*Records supplied*.
---------------
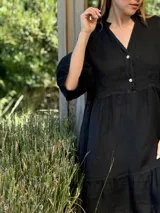 Vestido corto azul eléctrico de lino, con cuello mao, escote con botones de nácar y mangas 3/4 con volados.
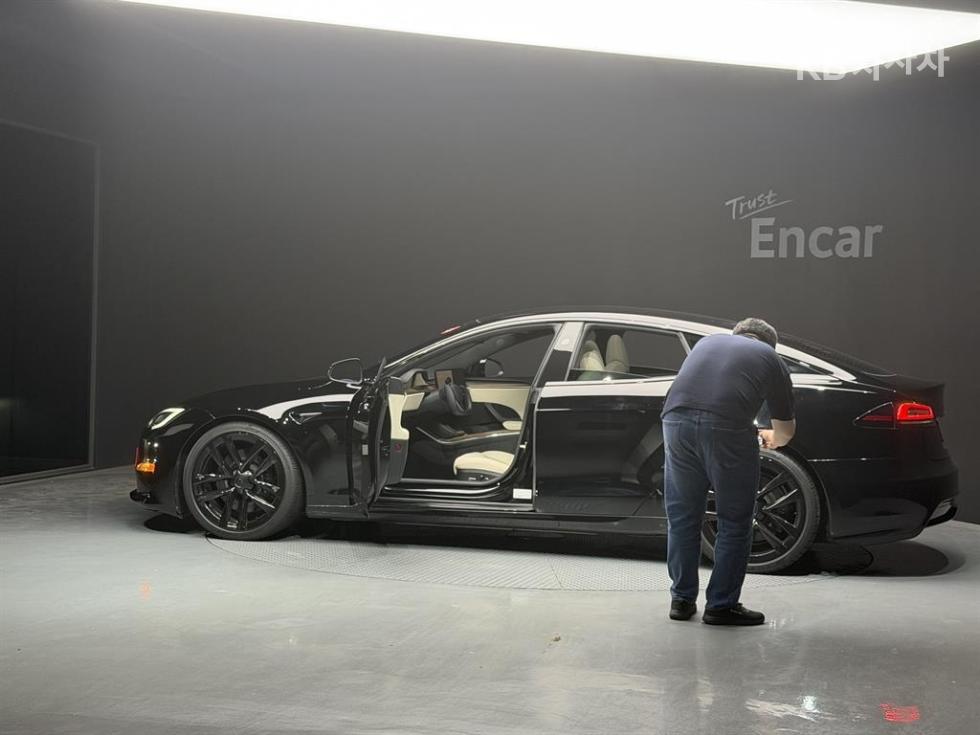 Tesla Model S — miniaturë 17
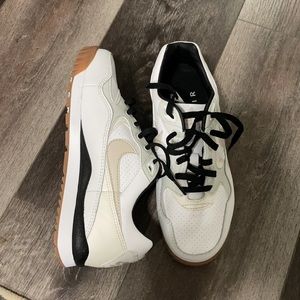 Nike ACG Wildwood ‘White Gum’ Size 4.5Y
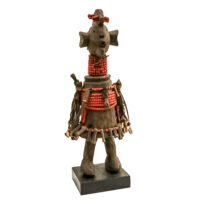 Figura Antropomórfica, Mumuye, Nigéria, Séc. XX, madeira, contas, pele animal, ossos, chifre, conchas, 20x47x15cm – Ref CCT24-021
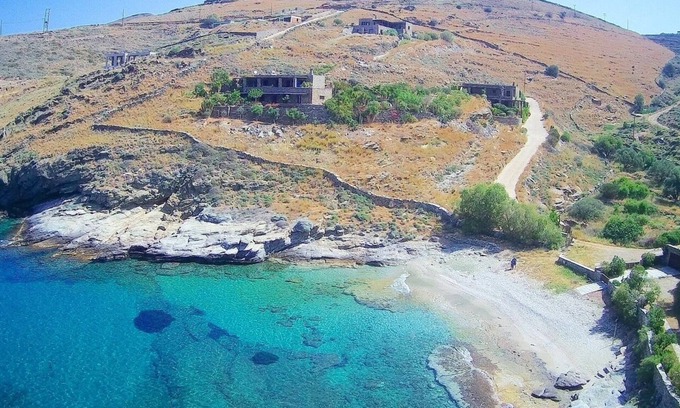 Pisses Villa | Are you in too much? Idealle sea solution for 18-24 people. KeaVillaRent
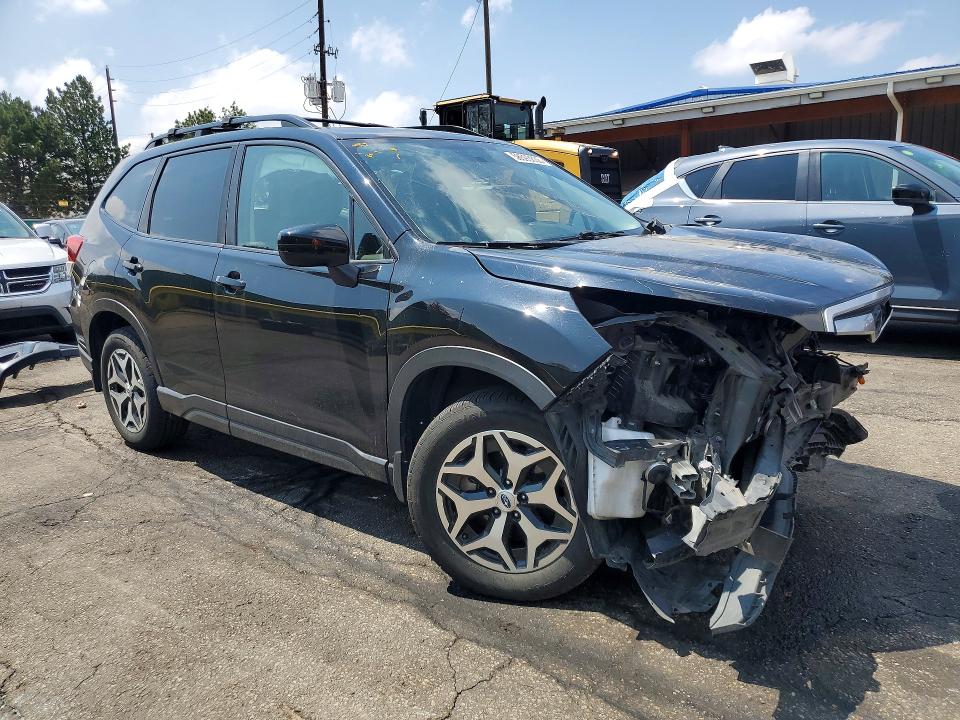 Photo 4 from auction – 2020 SUBARU FORESTER with VIN JF2SKAGC6LH570245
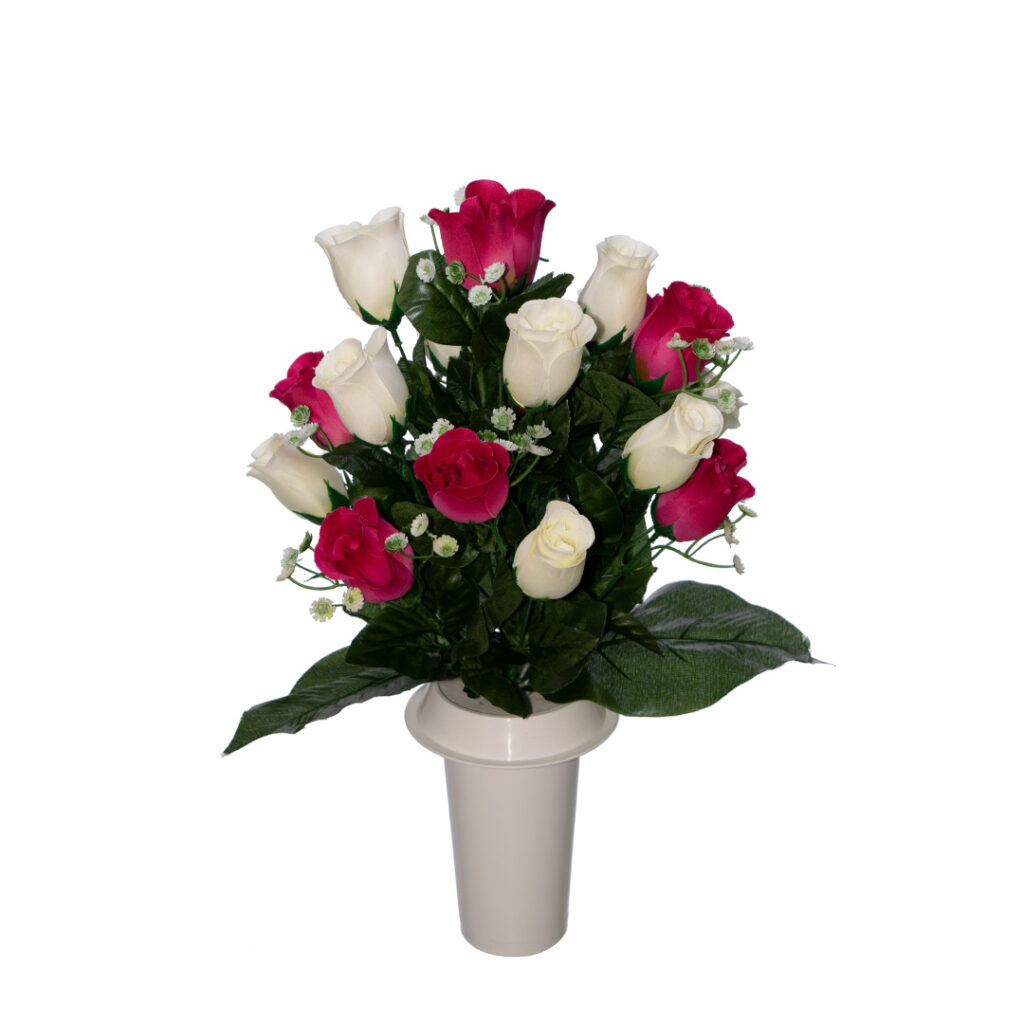 πλαστικά λουλούδια για μνήματα με άσπρο και φούξια μπουμπούκι τριαντάφυλλο σε λευκό βάζο
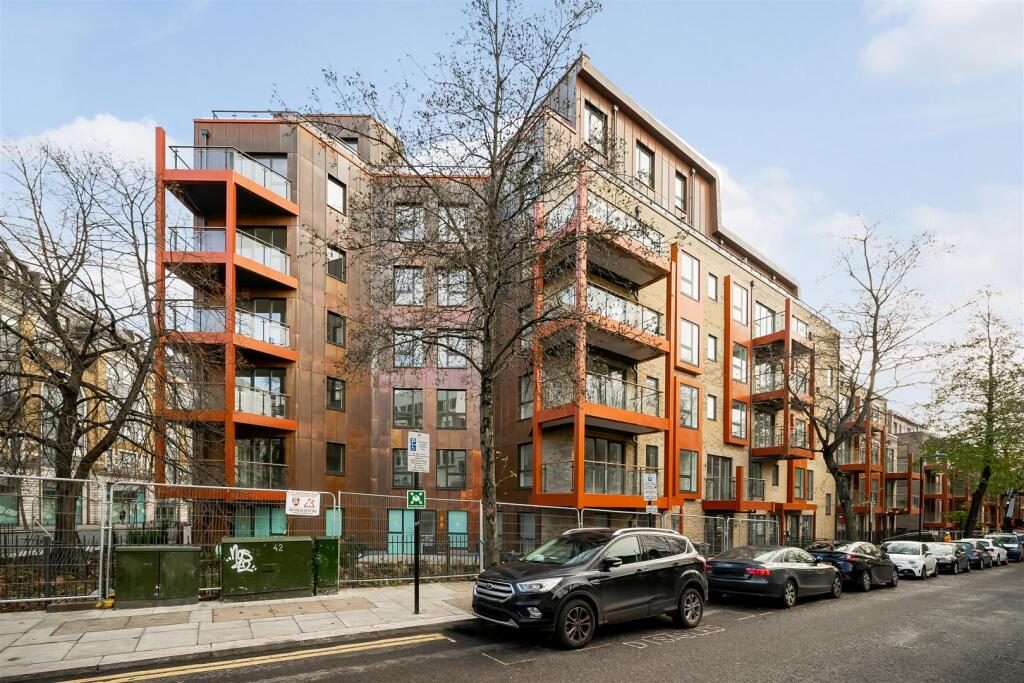 Property main image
---------------
*What the exercise asks*. Return every line of the data above exactly, and omit all pictures.

*Response area*.
 Vestido corto azul eléctrico de lino, con cuello mao, escote con botones de nácar y mangas 3/4 con volados.
 Tesla Model S — miniaturë 17
 Nike ACG Wildwood ‘White Gum’ Size 4.5Y
 Figura Antropomórfica, Mumuye, Nigéria, Séc. XX, madeira, contas, pele animal, ossos, chifre, conchas, 20x47x15cm – Ref CCT24-021
 Pisses Villa | Are you in too much? Idealle sea solution for 18-24 people. KeaVillaRent
 Photo 4 from auction – 2020 SUBARU FORESTER with VIN JF2SKAGC6LH570245
 πλαστικά λουλούδια για μνήματα με άσπρο και φούξια μπουμπούκι τριαντάφυλλο σε λευκό βάζο
 Property main image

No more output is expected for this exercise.